We were able to meet our overall goals of hosting a successful, operating website in a secure environment, maintaining all applicable security standards, and meeting the client’s expectations and requirements.

Part of meeting these goals meant responding quickly to our client’s requests. We provided all information as requested, operated transparently (i.e., open and above-board communication), asked questions in a clear and respectful manner, and maintained civility in all our interactions.

It also meant operating in as proactively as possible. In addition to addressing client requests, we maintained a shared drive in which we placed all new documents and maintained archives that required regular updates and maintenance. Documents included the system security plan, the contingency plan, the incident response plan, and change control requests and documentation, among others.

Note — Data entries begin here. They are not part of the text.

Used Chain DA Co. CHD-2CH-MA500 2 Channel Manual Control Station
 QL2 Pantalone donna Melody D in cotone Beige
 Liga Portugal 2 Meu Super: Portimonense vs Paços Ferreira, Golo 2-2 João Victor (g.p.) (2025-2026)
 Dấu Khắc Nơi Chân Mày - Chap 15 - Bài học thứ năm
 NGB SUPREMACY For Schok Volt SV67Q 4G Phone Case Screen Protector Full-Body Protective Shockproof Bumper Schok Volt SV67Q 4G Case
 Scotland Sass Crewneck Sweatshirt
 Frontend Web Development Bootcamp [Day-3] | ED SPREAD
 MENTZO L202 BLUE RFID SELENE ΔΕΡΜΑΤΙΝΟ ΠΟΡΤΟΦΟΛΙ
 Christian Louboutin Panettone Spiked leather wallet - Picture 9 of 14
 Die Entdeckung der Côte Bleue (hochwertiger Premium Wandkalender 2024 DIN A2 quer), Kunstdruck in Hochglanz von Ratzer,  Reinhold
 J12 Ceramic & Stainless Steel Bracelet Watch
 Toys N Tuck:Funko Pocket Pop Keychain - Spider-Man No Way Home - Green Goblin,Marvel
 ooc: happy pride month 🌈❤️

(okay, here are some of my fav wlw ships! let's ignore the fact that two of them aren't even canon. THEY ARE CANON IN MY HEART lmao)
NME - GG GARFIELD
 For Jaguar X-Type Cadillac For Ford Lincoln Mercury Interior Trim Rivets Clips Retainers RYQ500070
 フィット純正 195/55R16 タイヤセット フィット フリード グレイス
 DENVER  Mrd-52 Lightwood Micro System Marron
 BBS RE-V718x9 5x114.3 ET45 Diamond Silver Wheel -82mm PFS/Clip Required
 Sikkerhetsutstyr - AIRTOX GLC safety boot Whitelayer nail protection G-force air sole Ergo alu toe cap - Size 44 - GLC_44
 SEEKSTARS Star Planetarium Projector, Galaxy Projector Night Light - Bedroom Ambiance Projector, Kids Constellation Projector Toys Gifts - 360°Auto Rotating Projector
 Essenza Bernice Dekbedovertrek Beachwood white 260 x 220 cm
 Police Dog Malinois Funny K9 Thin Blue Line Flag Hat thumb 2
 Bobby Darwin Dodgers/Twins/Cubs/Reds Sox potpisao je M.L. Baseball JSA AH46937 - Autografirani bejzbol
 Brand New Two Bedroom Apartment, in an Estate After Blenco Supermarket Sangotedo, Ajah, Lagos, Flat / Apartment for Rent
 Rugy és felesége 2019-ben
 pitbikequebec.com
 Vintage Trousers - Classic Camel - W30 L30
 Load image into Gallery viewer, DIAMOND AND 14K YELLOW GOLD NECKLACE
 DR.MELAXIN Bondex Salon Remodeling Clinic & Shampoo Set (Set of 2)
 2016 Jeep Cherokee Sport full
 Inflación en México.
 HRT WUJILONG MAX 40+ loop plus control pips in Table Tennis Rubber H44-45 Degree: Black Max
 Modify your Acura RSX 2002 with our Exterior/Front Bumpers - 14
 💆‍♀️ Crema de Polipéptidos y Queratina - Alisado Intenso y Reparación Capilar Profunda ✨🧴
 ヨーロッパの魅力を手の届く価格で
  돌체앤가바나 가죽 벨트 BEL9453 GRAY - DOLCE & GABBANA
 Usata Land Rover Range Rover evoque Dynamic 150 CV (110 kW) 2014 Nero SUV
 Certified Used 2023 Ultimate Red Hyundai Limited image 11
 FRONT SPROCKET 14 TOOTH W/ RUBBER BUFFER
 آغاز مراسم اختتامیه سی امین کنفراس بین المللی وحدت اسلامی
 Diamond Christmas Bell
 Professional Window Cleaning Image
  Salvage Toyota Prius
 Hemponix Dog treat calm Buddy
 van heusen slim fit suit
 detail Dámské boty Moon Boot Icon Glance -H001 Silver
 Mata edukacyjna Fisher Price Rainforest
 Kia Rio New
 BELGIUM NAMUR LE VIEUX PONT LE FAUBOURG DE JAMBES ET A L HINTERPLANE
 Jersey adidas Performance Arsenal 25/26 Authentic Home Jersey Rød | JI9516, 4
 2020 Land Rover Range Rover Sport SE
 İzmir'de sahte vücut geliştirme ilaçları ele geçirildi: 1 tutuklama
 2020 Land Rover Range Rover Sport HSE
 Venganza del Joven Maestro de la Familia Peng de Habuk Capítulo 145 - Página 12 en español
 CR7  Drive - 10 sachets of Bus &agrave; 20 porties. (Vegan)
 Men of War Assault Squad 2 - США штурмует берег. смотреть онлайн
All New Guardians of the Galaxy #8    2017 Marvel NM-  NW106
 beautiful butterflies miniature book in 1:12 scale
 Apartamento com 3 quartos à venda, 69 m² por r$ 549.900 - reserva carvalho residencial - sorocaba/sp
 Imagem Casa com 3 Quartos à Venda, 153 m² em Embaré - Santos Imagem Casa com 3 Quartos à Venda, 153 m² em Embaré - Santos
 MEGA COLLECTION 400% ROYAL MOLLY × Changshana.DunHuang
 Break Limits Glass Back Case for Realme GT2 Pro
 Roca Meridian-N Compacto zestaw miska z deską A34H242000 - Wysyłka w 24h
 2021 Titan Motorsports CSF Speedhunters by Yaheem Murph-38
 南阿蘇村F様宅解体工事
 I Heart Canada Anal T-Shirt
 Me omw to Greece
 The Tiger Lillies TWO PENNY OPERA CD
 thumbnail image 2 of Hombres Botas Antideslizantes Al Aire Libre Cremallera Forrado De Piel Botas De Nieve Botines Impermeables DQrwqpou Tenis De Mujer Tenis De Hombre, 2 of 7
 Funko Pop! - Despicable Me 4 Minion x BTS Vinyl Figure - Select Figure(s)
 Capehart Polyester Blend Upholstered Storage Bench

Updated documentation was crucial for our first recertification effort. The client examined artifacts carefully. Due to the diligence of the project team, we were able to assemble a package that gave us recertification with only five minimal Plan of Action and Milestones (POAM) items to correct.

Other process examples include working with our IT system administrators to develop a plan to implement the required DHS Windows Hardening Guidelines. With nearly 220 items on the checklist, we devised logical groups, and then implemented and tested items.

I also serve as a filter for feedback from clients to our project team members and for communicating back to the client to help clarify issues. For example, our project developer might have a question about how the client wants a NIST control implemented. I contact the client ISSO and gather information.

Process and learning pay off. When our system was selected for an Independent Verification and Validation (IV&V), we were well-equipped with documentation and processes.